- **Task directions**
Restate word for word the lines of the material below, from the line with "Used 2015 Dodge" to the line with "Pumpkin Armchair in Brazilian Cowhide", both lines included, and no others.

- **Data for review**
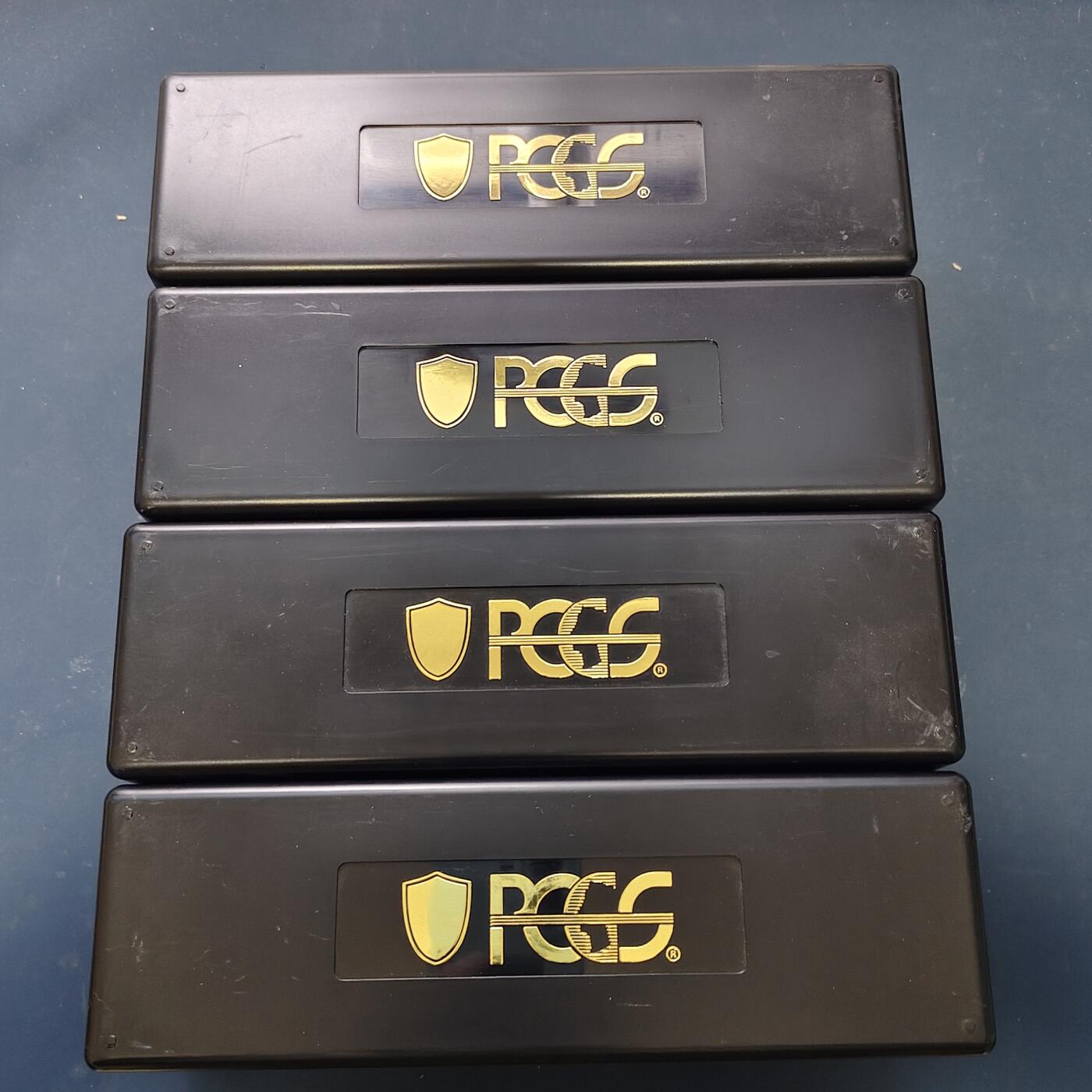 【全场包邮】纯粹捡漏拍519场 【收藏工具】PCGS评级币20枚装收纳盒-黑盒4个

...

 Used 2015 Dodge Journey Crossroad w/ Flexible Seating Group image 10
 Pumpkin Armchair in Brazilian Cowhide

- **Exercise answer**
 Used 2015 Dodge Journey Crossroad w/ Flexible Seating Group image 10
 Pumpkin Armchair in Brazilian Cowhide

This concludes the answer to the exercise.